Poluição causada por queimadas
De acordo com os cientistas, o material particulado fino (PM2.5) é o principal poluente emitido pela fumaça dos incêndios florestais. Na prática, o estudo classifica a qualidade do ar de acordo com a Organização Mundial da Saúde, que determina que a concentração máxima aceitável desse material no ar é de 15 microgramas por metro cúbico em uma média diária. Acima disso, a concentração passa a ser de risco para a saúde humana.
“Por meio das médias diárias de exposição ao PM2,5 estimadas para todos os municípios dos estados da região Norte e Centro-Oeste, nós calculamos os percentuais de dias por mês, por ano e na década, cujos níveis do poluente estavam acima de 15 ?g/m3”, explicou Eliane Ignotti, que observa que as áreas mais afetadas apresentaram níveis altos de poluição.
“É interessante observar que muitas localidades, particularmente localizadas na área em que chamamos de ‘Arco do Desmatamento’, bem como na rota de dispersão dos poluentes, estes níveis elevados de poluição atingem 100% dos dias no período de estiagem”, complementou.
Participantes
Além da atuação da pesquisadora da Universidade do Estado do Mato Grosso, Eliane Ignotti, os pesquisadores da Universidade Federal de Mato Grosso; da Fundação Oswaldo Cruz do Piauí e do Rio de Janeiro; da Universidade Federal da Bahia (UFBA) e da Universidade de São Paulo (USP) também participaram do estudo.
Exposição à poluição causa várias doenças
Ainda segundo Eliane Ignotti, o estudo tem o objetivo de chamar a atenção da sociedades e entes públicos para a má qualidade do ar na área de maior biodiversidade do planeta, dado que inclui os biomas Amazônico, Cerrado e Pantanal. Ela destaca ainda que a exposição à poluição pode causar doenças respiratórias e cardiovasculares e gerar impacto no Sistema Único de Saúde (SUS) nas regiões afetadas.
“Imagine que milhares de internações e de óbitos poderiam ter sido evitado se os níveis de poluição não fosse os verificados nesta região. As pessoas não são expostas igualmente. Crianças, idosos, gestantes e as classes sociais mais desfavorecidas são os mais vulneráveis. O melhor cuidado é não se expor à poluição, particularmente com as atividades ao ar livre. Mas há indivíduos que não têm como evitar essa exposição em razão do trabalho. Por isso, as medidas de redução da poluição atmosférica devem ser tomadas pelos governos em conjunto com toda a sociedade”, disse ainda.

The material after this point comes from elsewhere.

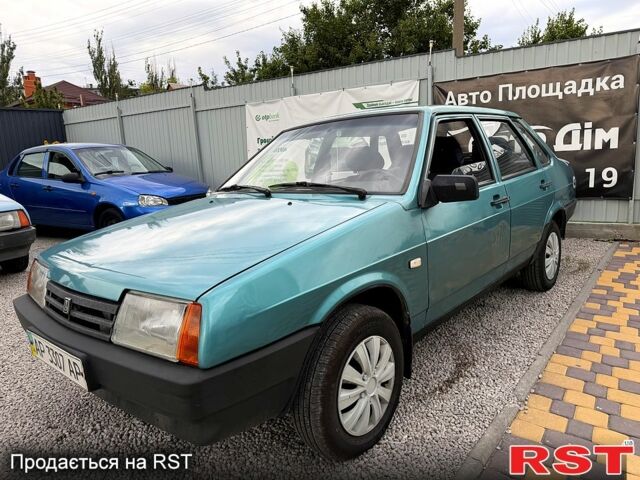 Зеленый ВАЗ 21099, объемом двигателя 1.5 л и пробегом 200 тыс. км за 1000 $, фото 1 на Automoto.ua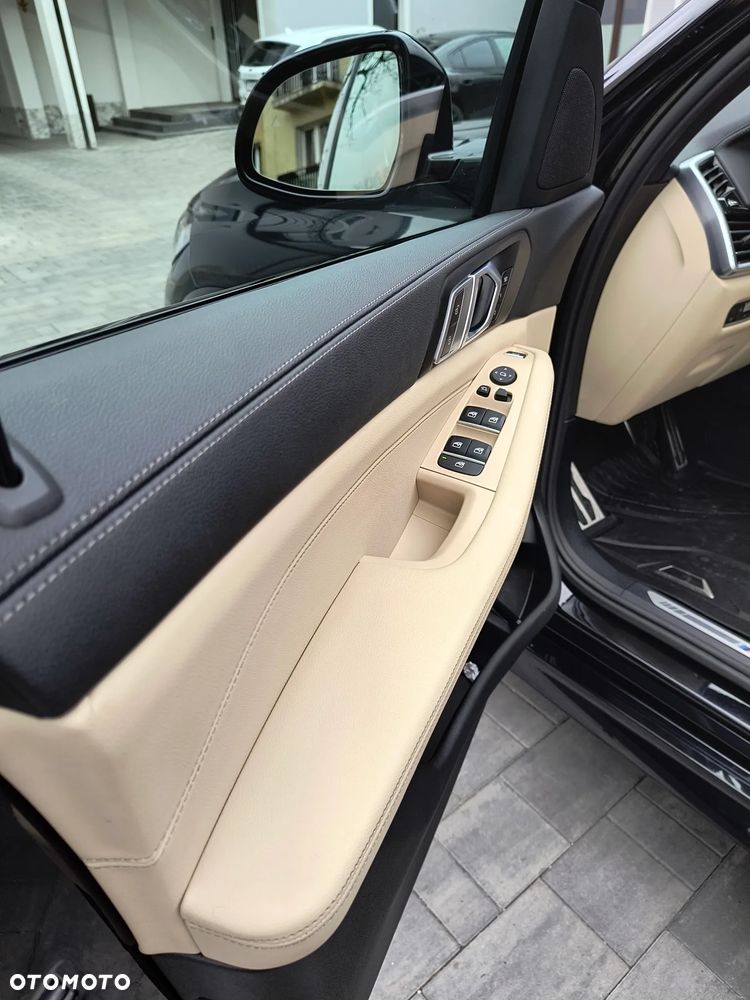 BMW X5 xDrive45e - 17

O próximo passo da equipe, de acordo com ela, é medir os impactos econômicos e sociais da elevada exposição da população brasileira à poluição do ar. “Nossa equipe de estudo tem se dedicado a estimar os custos ao sistema de saúde em razão de mortes prematuras para chamar a atenção dos gestores do campo da saúde, do meio ambiente e da sociedade”, finalizou ela.